# Planer thicknesses smoothness as sandpaper grit level?



## RedMist (30 Jan 2017)

Slightly vague question for which I apologise but I'm basically thinking out loud here.

I am happy with the results from my planer thicknesser, one of these 






the wood comes out pretty much smooth as glass. Roughly speaking what sort of level of grit in sandpaper is it equivalent to? I've no experience with the higher number sandpaper grits.


----------



## custard (30 Jan 2017)

That's an interesting question, I've never thought of it in those terms.

Strictly speaking I guess there's no real equivalence, the planed surface will consist of series of minute scallops that the knives cut as the board goes through the machine. But putting that on one side and assuming a slow feed rate and sharp knives then I'd guess somewhere around 240-320 grit? Like I say, I'm trying to look past any knife ripple/scalloping and judge the underlying surface, if you applied finish straight to a machine planed surface it's look dog rough, but _between_ the ripples it can actually be very smooth..


----------



## n0legs (30 Jan 2017)

That's a good question =D> 
I'll ask a man I know.


----------



## RedMist (31 Jan 2017)

To put it another way, I have some planed hardwood boards that have ripple in them, what level of grit sandpaper should I use to remove the ripple prior to finishing with Danish Oil?


----------



## Fitzroy (31 Jan 2017)

This is fundamentally a geometry/trigonometry question. Each pass of the blade takes a circular cut out of the woodwork with a radius equal to the cutter block + blade extension, assume 0.1m. The blade speed is huge in comparison to the board speed, say 40m/s (120ft/s) blade speed vs 0.05-0.1 m/s (10-20ft/min) so passes the board effectively instantaneously, however for a two cutter block rotating at 5000rpm a cutter only passes the board every 1 / 2 / (5000/60) = .006s in this time the board can move forwards .0003m - 0.0006m (0.3mm - 0.6mm). In theory a point of wood as high as cutter rises 0.3mm - 0.6mm away from its lowest point could pass under the blade untouched by the cutter. We can solve for the height based on pythagorus, height of ripple = 0.1 - sqroot(0.1^2-.0003^2) = 0.45microns - 1.8microns (30microns is 320 grit). This seems small so perhaps the compressibilty of wood effects the outcome, or my maths is wrong.

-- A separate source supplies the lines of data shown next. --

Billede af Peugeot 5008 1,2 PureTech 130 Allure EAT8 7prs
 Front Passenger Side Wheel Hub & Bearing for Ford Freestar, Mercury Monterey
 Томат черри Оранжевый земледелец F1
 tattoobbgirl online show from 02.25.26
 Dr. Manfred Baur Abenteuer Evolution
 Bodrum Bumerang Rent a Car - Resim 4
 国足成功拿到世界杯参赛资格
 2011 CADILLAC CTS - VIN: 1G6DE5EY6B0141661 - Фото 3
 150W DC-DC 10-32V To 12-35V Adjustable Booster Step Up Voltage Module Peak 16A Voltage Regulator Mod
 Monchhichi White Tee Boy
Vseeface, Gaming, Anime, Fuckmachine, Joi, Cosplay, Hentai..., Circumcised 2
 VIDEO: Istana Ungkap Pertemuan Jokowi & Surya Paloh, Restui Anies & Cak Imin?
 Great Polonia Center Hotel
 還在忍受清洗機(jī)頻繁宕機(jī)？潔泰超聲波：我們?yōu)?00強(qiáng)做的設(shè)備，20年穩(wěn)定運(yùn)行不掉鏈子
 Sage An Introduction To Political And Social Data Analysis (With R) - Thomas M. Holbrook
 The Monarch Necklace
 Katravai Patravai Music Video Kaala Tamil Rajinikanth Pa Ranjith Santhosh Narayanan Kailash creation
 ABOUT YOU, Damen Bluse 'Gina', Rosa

From what I recall scallops I have seen from my p/t seem to be more in the order of 1-3mm wide depending on feed speed. With the same size cutter block these would translate into scallops from 5 to 45microns deep, with 30microns equating to 320grit, custard looks close to spot on. With a larger diameter cutter block the scallops would be shallower. 

Regard

Fitz.


----------



## transatlantic (31 Jan 2017)

Wouldn't it just be the grit size used to sharpen the blades?


----------



## RedMist (31 Jan 2017)

Looking now at the boards I was happy with, I can see the ripple effect. It seems more pronounced on boards that once I had got them to the required height I left the blade height the same and I passed the boards through a few more times to `clean` up the board (may not be a good idea?).

So the correct procedure to get rid of the ripple is to sand them ( I have no hand plane ability). Would a mouse style electric sander and a grit of 240-320 do the job?

Am planning on using Danish Oil to finish these hardwoods.


----------



## custard (31 Jan 2017)

RedMist":rbe79kl3 said:


> Would ... a grit of 240-320 do the job?



You'd be a lot faster and the job will look a lot better starting with 80 grit and working through the grits to 240.


----------



## woodbrains (31 Jan 2017)

custard":13kjk3oy said:


> RedMist":13kjk3oy said:
> 
> 
> > Would ... a grit of 240-320 do the job?
> ...



Hello,

Custard is right on here. It might sound counterintuitive to start with a coarser grit and seemingly ruin what looks quite presentable already. But if you don't hand plane (and I think you should learn, it makes things quicker in the long run)or remove a lot of material with coarse abrasive, you will only take the tips of the peaks from the scallops down to the lowest point. While this might sound exactly what you want to do, you in fact have to take the surface lower than that. The planer essentially beats the living daylights out of the wood surface, compressing the fibres. If you don't get lower than the compression, preferably with a plane :lol: all the scallops will magically reappear with moisture from the air or the finish.

Mike.


----------



## profchris (1 Feb 2017)

No 80 scraper plane? That would be my weapon of choice, and quicker even than power sanding through the grits I reckon. There's a small learning curve to sharpening it, but almost none to using it.


----------



## RedMist (1 Feb 2017)

Wow I'm having my eyes opened here, thanks all for the help so far!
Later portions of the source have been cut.